"My name, the name I use, is Matt Santos. The name I was born with is Mathias Santos. The name I might well have been born with is Matyas Szantos. I am none of these people and I am all of them."
An unexpected call from the Australian consulate makes Matt Santos aware of a painting he believes was looted from his family in Hungary during World War II. To recover it, he must repair his relationship with his judgmental father, uncover his family history, and reconnect with his own Judaism.
Along the way, Matt is torn between his doting girlfriend, Tracy, and his alluring attorney, Rachel, with whom he travels to Budapest to unearth the truth and confront the central question: How do we move forward when the past looms unreasonably large?
It pleases me enormously when the first book I read in a new year, decade in this case, is such a good read. I enjoyed this book immensely as it is full of complex characters which always appeals to me in a novel.
The novel centres around Matt, a successful actor and who's girlfriend, Tracy, is an equally successful swimwear model. They both jet around the world to various filming and modelling locations and seem to be living the American dream.
However, Matt's whole world is turned upside down upon the discovery of a painting which belonged to his family in prewar Hungary. This proves to be the opening of a whole can of worms for Matt as he seeks to make sense of the past and which forces him to confront the difficulties he has in his relationship with his father.
Matt is a very complex character and his father is equally so. Matt knows little of his fathers past, a deliberate act on the part of his father to spare his son from the horrors he experienced in Hungary during the war at the hands of the Nazi's.
For Matt the painting comes to embody a life and faith that he feels his father has denied him. The relationship between Matt and his father were the kingpin in this novel for me. We see his father through Matt's eyes and are able to sympathise with him. However, Tracy's communications with him enable us to see him from her perspective and it made me question how reliable Matt's view of his father was. It was certainly a very complex relationship and it was this that made this novel so gripping for me. As a reader, I was longing for a reconnection between them and it was this hope that kept me enthralled by this book.

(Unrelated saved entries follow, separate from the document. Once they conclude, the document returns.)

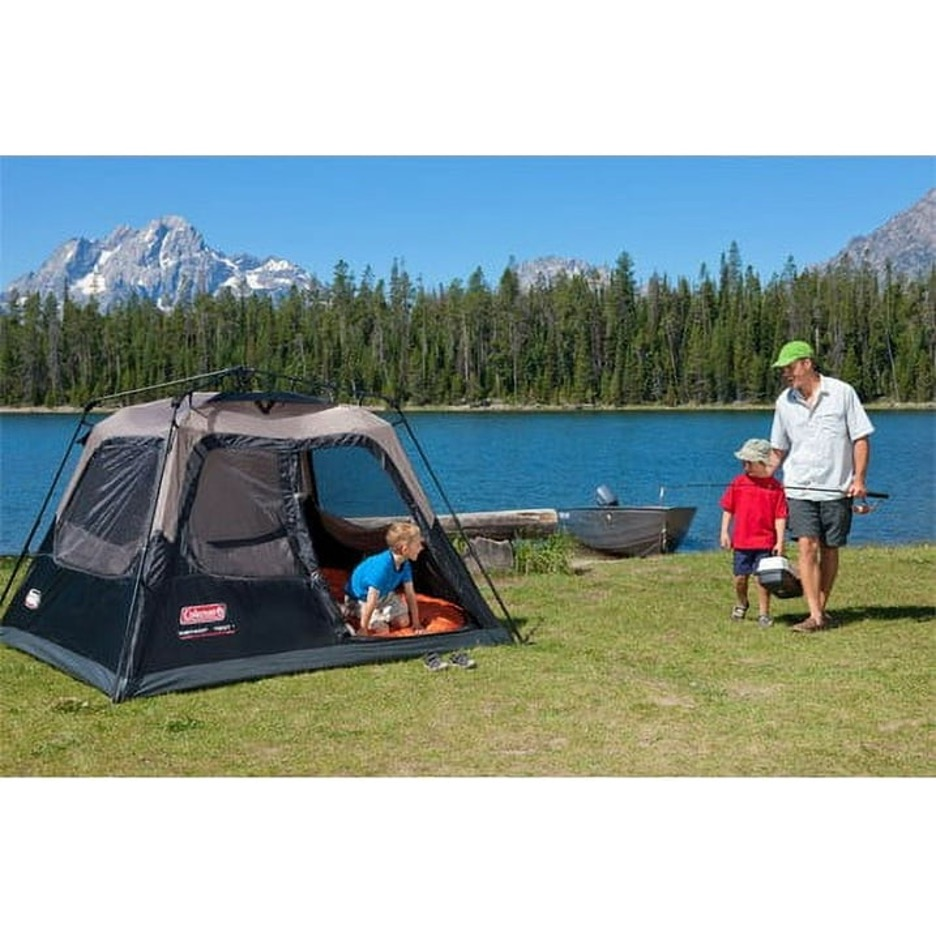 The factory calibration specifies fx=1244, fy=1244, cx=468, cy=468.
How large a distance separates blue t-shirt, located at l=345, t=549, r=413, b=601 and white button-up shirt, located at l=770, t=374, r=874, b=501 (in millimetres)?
2885

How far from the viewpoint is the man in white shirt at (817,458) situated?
883cm

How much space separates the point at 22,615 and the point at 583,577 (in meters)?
5.48

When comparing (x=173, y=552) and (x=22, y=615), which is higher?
(x=173, y=552)

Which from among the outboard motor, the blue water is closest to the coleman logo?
the blue water

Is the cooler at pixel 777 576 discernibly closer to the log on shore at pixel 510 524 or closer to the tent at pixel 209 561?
the tent at pixel 209 561

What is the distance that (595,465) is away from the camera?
41.7 meters

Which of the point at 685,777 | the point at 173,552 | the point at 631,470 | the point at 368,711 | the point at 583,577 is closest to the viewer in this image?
the point at 685,777

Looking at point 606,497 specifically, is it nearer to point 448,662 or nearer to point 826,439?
point 826,439

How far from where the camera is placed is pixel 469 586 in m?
8.80

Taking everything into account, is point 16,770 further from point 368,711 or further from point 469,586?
point 469,586

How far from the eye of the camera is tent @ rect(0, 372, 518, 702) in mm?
7609

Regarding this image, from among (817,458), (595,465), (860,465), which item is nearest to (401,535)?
(817,458)

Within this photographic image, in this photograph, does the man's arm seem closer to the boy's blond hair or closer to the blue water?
the boy's blond hair

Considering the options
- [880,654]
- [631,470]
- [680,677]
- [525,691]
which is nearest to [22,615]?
[525,691] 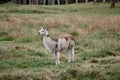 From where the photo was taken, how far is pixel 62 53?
2086cm

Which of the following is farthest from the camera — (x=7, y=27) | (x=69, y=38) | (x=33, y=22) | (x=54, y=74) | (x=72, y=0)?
(x=72, y=0)

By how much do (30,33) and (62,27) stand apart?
3.99m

It is a very intelligently written novel and I thoroughly enjoyed it. I will definitely be reading this authors other work, Harry, Revised.
ISBN: 978 037420637
Publisher: Farrar, Straus and Giroux
About the Author:
Mark Sarvas is the author of the novel Harry, Revised, which was published in more than a dozen countries around the world. His book reviews and criticism have appeared in The New York Times Book Review, The Threepenny Review, Bookforum, and many other publications. He is a member of the National Book Critics Circle, PEN America, and PEN Centre USA, and teaches novel writing at the UCLA Extension Writers' Program. A reformed blogger, he lives in Santa Monica, California.